Cet article est une republication de l’article original publié sur la version antérieure de Lexxika.com.
Il n’est donc plus d’actualité, mais vous pouvez y trouver des réflexions et des points de Droits qui restent encore valides et pertinents.

 

J’ignore ce qu’il en est des autres, mais je trouve qu’il est désagréable de se lever le matin avec une Assemblée Nationale qui destitue un Président de la République la veille. Alors qu’au matin, on aspire légitimement à un bon café et un mofo gasy en toute tranquillité, voilà que les journaux se mettent à relayer incessamment les palpitantes aventures de nos courageux députés qui se décident à montrer le bon exemple et se mettre au travail avec ardeur, quitte à ne sortir du bureau qu’à minuit. Autant je salue des députés qui, pour reprendre la blague populaire, se mettent enfin à travailler, autant il est difficile de ne pas s’horrifier devant l’accomplissement d’un député qui manque de sommeil.

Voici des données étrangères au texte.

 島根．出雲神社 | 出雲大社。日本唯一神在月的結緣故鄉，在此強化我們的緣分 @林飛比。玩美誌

Donc fort curieux de cette nouvelle choquante qui est reprise dans le monde entier – n’hésitez pas à jeter un coup d’œil sur BBC news ou le Monde – voilà que les malgaches, si discrets de nature, se retrouvent une fois de plus au devant la scène internationale. Merci nos députés !

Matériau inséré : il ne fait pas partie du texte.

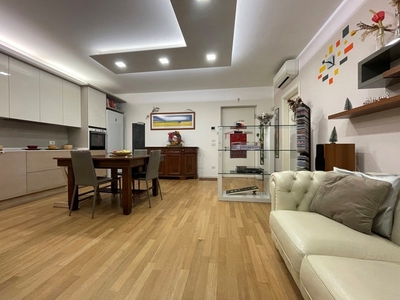 Trilocale in Vendita a Verona, 320'000€, 90 m²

Nota Bene : Pour la suite de ce billet, en prévision d’utilisations répétées de ces termes, je dénommerais dorénavant l’Assemblée Nationale : « l’AN » – que vous pouvez prononcer « l’âne » si vous le souhaitez – et le Président de la République : le « Prezy ».

 

Que s’est-il donc passé selon les journaux et nouvelles accessibles sur internet ?

Dans la nuit du 26 mai 2015, vers minuit, l’AN a voté à la majorité des deux tiers la destitution du Prezy, à la surprise, je pense, de tout le monde. Une requête, selon les journaux, « de mise en accusation pour déchéance » a été par la suite déposée auprès de la HCC qui devra statuer dans les prochains jours. La situation du Prezy est donc entre les mains de la HCC dans les jours à venir.

Voilà les informations qui ont été diffusées un peu partout dans les nouvelles malgaches et internationales.

N’ayant ni accès aux comptes-rendus de ce vote, ni accès à la requête qui a été déposée auprès de la HCC – comme tout le monde quoi -, je vais donc vous parler du droit applicable en l’espèce ; à savoir : comment destituer un Président de la République de Madagascar en toute légalité.

Tout d’abord, parlons avec justesse : le Prezy selon la Constitution malgache n’est pas « destitué ». Si vous voulez absolument utiliser un verbe, le Président est « empêché », en vertu des articles 50 et 51 de la Constitution disposant de l’empêchement temporaire et de l’empêchement définitif, ou il est « déchu », en vertu des articles 131 et 132 du même texte disposant de la Haute Cour de Justice.

Ce sont, conformément à l’article 52 de la Constitution, 2 des 5 moyens légitimes pour déloger un Président de son fauteuil, et les deux seuls moyens à la disposition du peuple malgache à travers ses représentants. Les trois autres hypothèses sont la démission et l’abandon du pouvoir, apanage du Président lui-même, et le décès, apanage de la Faucheuse.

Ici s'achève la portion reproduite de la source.